Anyone who believes that the skeptical community possesses a rational quality that puts it above such things as ideology, ignorance and “pointless” schisms, as I once did, are simply being na├»ve. Don't get me wrong, we are in good company; the vast majority of intellectual thinkers since the enlightenment have made the same, relativistic mistake. But I'm not writing this to point fingers, cast blame and root for one team over another. It isn't constructive in an environment such as this. My area of interest lies in networks and power relations, and their relationship with culture and cultural evolution. So, in order to try and explain this in as objective a manner as possible, I shall try to stick to that framework to briefly explain why I think this situation is for the best.

The basis for any community is shared culture. How that culture is produced, disseminated and consumed determines the social power structures that emerge. At one end of the spectrum we have the cult, a strictly top-down model of cultural creation and dissemination, resulting in a group of individuals bound tightly together by virtue of having consumed an all-but-identical shared culture. At the other end we have something like the skeptical community; a far more networked collection of (often grass-roots) affiliated organisations and individuals. Furthermore, thanks to the internet we have developed this community largely through a democratised meritocracy of cultural production, something that has allowed people of independent minds to create bonds without the need for a centrally-derived shared culture.
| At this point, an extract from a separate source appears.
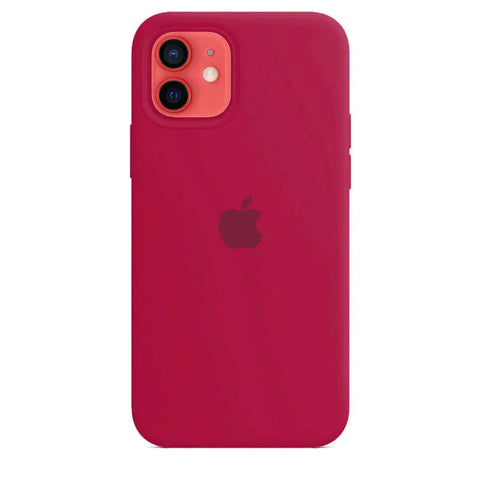 Silicone Case iPhone 12 Rose Red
However, there is another kind of power dynamic that hasn't been addressed by this unprecedented (in scale and rate of iteration anyhow) model of community. Within any growing community, there will always be a relative disparity of power between those that have risen to positions of authority and influence, often the 'veterans', and those that are either primarily consuming or else simply new to the scene. As the creators of the overwhelming majority of the communities universally shared culture, these influential people. to a large extent, determine the discourse and, as good skeptics should, they primarily discuss that which they know: alternative medicine, religion, pseudoscience etc. However, it is my opinion that as well as being a handy rule to keep in mind when embarking on a debate, limiting oneself in this way can also be used to justify ignoring issues that fall outside of those established within the shared culture, and/or conflict with one's concepts and beliefs derived from other spaces entirely, outside of the skeptical community (family, local 'real-life' community values etc). This creates a naturally emerging, unsystematic top-down element in the creation of our shared culture and, as a result, there is a group-think dynamic at play that is far more ingrained in some than others. This is where the split lies in my view. We have a group of people that can see the elephants in the room, people who's values from other communities cannot be so easily compartmentalised-away and who cannot, for whatever reason, maintain the self-censorship/denial necessary to maintain this veneer of complete unity. And, as with every community that has ever come before us, we also have a group that denigrates such up-starts as trouble-makers and upsetters of the natural order.

Oh the irony.

The important thing is the veneer has been stripped away. Now should be the time for all the major-players to face up to the fact that there are fundamental aspects of skepticism that have yet to be addressed. On this, you would all come to us as equals. It is simply ridiculous to say that politics and social issues are not the realm of skepticism; that may be the desire of those that wish to maintain the illusion, but discourse and method will emerge soon whether you like it or not. Social science may not be as empirical, but that doesn't mean the answer is to simply ignore social issues or, worse yet, to seemingly actively discourage its discussion to a sometimes obsessive degree. Only through the influential people openly discussing these issues sensibly, skeptically (no more ad-hominems, no more strawmen, no more disrespect), and with no taboos, can we hope to sustain this community in a way that can act as an effective force for good. Create and systematise tools to facilitate this communities evolution, or die (metaphorically speaking, of course). This is what must be done if you want to try and keep this movement together, though in my heart-of-hearts I doubt if it is either possible nor even desirable. If one thing has come out of this for me, it is a feeling of confirmation that this movement, like all before it, does not have what it takes to be truly unprecedented. While the wider societies in which we all live continue to propagate radically different, largely segregated cultural concepts, we cannot expect to maintain a community through simply ignoring it. If that's what you want, call it a club.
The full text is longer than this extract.